Braun begins by skyping with young LGBTQ people in different parts of the country. He hears points of view which are as diverse as the people he chats with.
“Coming from D.C., there’s two Prides; there’s Black Pride, and then there’s everyone else’s Pride,» says one black, gay man from Los Angeles. “If you don’t identify with one particular group, then you don’t have a place where you fit.”
“It’s just so wonderful to see so many people similar to you in one place in support of each other,” says a gay, Asian man from San Francisco.
“Pride is the reason I’m alive,” says a young, trans woman, but another trans woman has a decidedly different point of view.
“A lot of people don’t want trans women of color to even have a platform, so they’re not going to promote where people of color’s voices can be heard,” she says.
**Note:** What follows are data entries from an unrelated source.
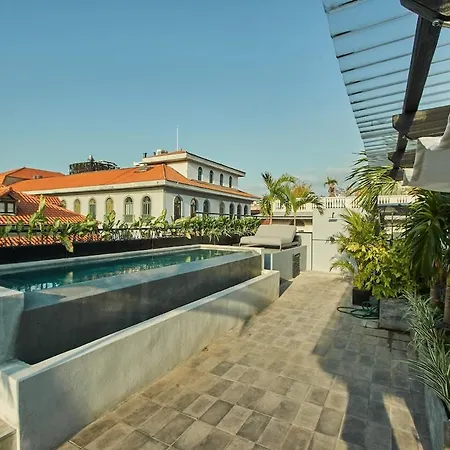Amazinn Places Rooftop And Design Pool IV-2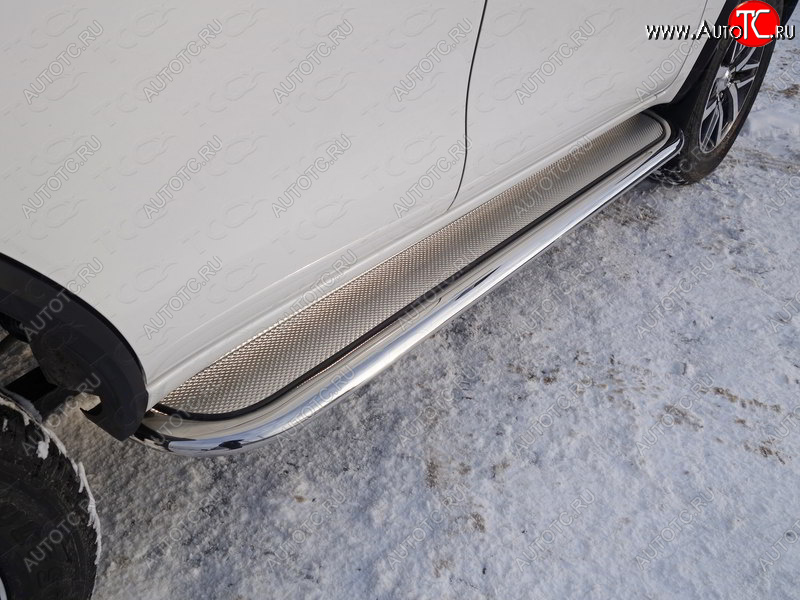 53 999 р. Пороги с площадкой 75х42 мм ТСС Тюнинг  Toyota Fortuner  AN160 (2015-2020) дорестайлинг (нержавейка)  с доставкой в г. Майкоп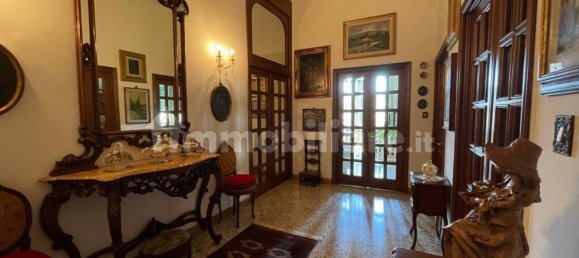 3 bedrooms Apartment in Arezzo, Italy No. 278219 4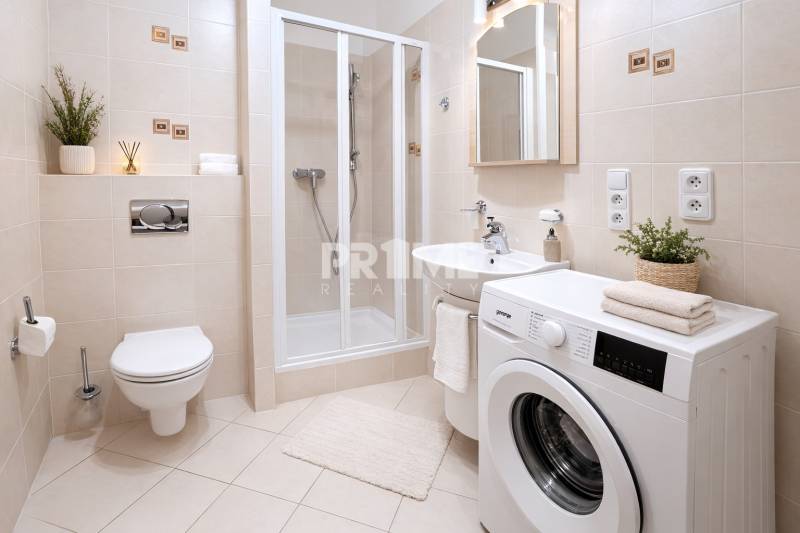 VEĽKOMETRÁŽNY 3i byt, 2xkúpeľňa, šatník, balkón, klíma, garáž, CENTRUM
Hearing such differing views regarding Pride inspires Braun to take a road trip. He visits large cities and small towns, in conservative and liberal states, to get a better idea of what Pride means to young people 50 years post-Stonewall. His first stop is Tuscaloosa, Alabama, where he finds LGBTQ people living in communities that don’t accept who they are.
The Tuscaloosa portion of the film is especially powerful, as it serves as a reminder of how far the LGBTQ movement still has to go. Alabama is one of the country’s most conservative states; the state made headlines recently when Governor Kay Ivey signed one of the most restrictive abortion bans in the country. Soon after, Alabama announced that it would no longer issue marriage licenses. This was seen by many as an attempt to put a stop to same-gender weddings.
Braun chats with Meredith, a lesbian in Tuscaloosa who recalls the area’s first Pride parade in 2014.
“It was adorable,” Meredith says. “It was about 50 folks. People who grew up here were just shook; they were amazed that there was a Pride festival downtown, openly, without disaster happening.”
The other people Braun talks to underscore how real such fears are in the state. One young lesbian who works as a barista in a local café spoke of a customer who didn’t want to be served by her because of who she is. Another interviewee, a transgender man, says that the Pride festival is the only place where he feels safe kissing his girlfriend.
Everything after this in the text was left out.